# Vaporesso revenger kit



## Roodt (11/7/17)

Good day all

Just wondering when the local suppliers will stock the vaporesso revenger kit?

Looks like it will be a great mod...

http://www.vaporesso.com/kits-revenger-kit-vaporesso


----------



## Rob Fisher (11/7/17)

I have one leaving China today!


----------



## Roodt (11/7/17)

Rob Fisher said:


> I have one leaving China today!


You do know how to make everyone else on here very green hey uncle rob? I shall call dibs on it so long. 

What colour?


----------



## Rob Fisher (11/7/17)

Roodt said:


> You do know how to make everyone else on here very green hey uncle rob? I shall call dibs on it so long.
> 
> What colour?



Blue... I love Blue! 

Vaporesso are sending it to me for review... been chatting to them and helping them understand the SA Market.

Reactions: Like 1


----------



## Roodt (11/7/17)

Rob Fisher said:


> Blue... I love Blue!
> 
> Vaporesso are sending it to me for review... been chatting to them and helping them understand the SA Market.


Sounds like a fun "job".

I also have my eye on the blue, specifically wanting to give the ceramic coil a try...

Will await the review

Reactions: Like 2


----------



## Silver (15/7/17)

Roodt said:


> Sounds like a fun "job".
> 
> I also have my eye on the blue, specifically wanting to give the ceramic coil a try...
> 
> Will await the review



@Roodt , I assume you saw Vape Club's announcement this morning?
Here is their thread:
https://www.ecigssa.co.za/vapeclub-vaporesso-revenger-now-in-stock.t39770/

If you act quick you may be able to get it before Skipper Mr Fisher!
Hehe

Reactions: Funny 2


----------



## Roodt (16/7/17)

Silver said:


> @Roodt , I assume you saw Vape Club's announcement this morning?
> Here is their thread:
> https://www.ecigssa.co.za/vapeclub-vaporesso-revenger-now-in-stock.t39770/
> 
> ...



Thank you @Silver i appreciate the heads up. Now to nag HRH for more vape gear

Reactions: Like 1


----------



## allykhat (15/9/17)

For anyone interested, sorry to necro an older thread. 

I picked one of these up a week ago, in blue.
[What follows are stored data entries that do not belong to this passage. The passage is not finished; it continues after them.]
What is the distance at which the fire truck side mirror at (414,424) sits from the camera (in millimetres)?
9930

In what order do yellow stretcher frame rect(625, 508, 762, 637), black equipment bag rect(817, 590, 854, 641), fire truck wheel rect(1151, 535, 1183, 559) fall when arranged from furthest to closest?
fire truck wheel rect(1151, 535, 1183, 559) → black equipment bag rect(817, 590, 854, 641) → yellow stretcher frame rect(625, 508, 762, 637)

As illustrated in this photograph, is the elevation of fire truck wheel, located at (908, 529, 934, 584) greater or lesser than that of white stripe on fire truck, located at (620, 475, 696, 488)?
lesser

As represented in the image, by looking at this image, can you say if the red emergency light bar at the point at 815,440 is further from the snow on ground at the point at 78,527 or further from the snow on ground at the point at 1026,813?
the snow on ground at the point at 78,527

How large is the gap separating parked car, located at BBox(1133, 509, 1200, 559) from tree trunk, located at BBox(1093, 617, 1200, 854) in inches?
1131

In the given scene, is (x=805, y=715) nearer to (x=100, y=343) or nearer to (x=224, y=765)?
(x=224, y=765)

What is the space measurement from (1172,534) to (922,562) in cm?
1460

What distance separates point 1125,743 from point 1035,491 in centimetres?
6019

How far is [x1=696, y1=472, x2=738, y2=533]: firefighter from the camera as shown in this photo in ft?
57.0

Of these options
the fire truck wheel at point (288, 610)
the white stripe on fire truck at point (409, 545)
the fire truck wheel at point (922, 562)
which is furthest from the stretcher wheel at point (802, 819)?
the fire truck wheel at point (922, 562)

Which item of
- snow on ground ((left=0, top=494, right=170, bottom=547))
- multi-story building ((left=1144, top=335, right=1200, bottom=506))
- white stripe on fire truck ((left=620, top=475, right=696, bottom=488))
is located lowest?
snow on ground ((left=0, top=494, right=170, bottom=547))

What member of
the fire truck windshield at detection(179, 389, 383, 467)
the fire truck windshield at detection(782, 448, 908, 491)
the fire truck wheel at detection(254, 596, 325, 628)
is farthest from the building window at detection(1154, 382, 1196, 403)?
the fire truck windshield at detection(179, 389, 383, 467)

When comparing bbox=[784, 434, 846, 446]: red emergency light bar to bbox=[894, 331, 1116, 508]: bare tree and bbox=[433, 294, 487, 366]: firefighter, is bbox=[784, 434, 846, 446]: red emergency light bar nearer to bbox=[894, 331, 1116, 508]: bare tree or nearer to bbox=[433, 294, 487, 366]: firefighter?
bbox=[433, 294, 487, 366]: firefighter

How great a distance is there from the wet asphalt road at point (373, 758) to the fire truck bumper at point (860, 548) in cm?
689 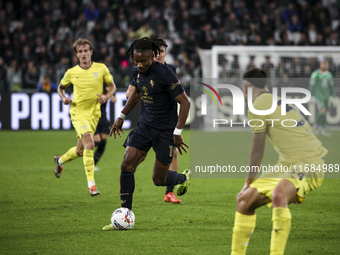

Managed to get the US version with the 5ml tank from H2Vape in Durban. I upgraded from the Vaporesso Tarot Nano (gave to the GF) and all I can say is wow... I'm not the most experienced of vapers, but its a really awesome unit. I'm currently still using the pre-installed GT8 coil it came with on some CID and BlackoutIce so far. The flavor is great and it makes decent clouds too. The NRG tank is also compatible with the Smok TFV8 coils along with its own GT line of coils from Vaporesso.

The only fault I have is that the NRG tank it comes with uses a weird size tip and I'm having difficulty finding one that fits it properly.


----------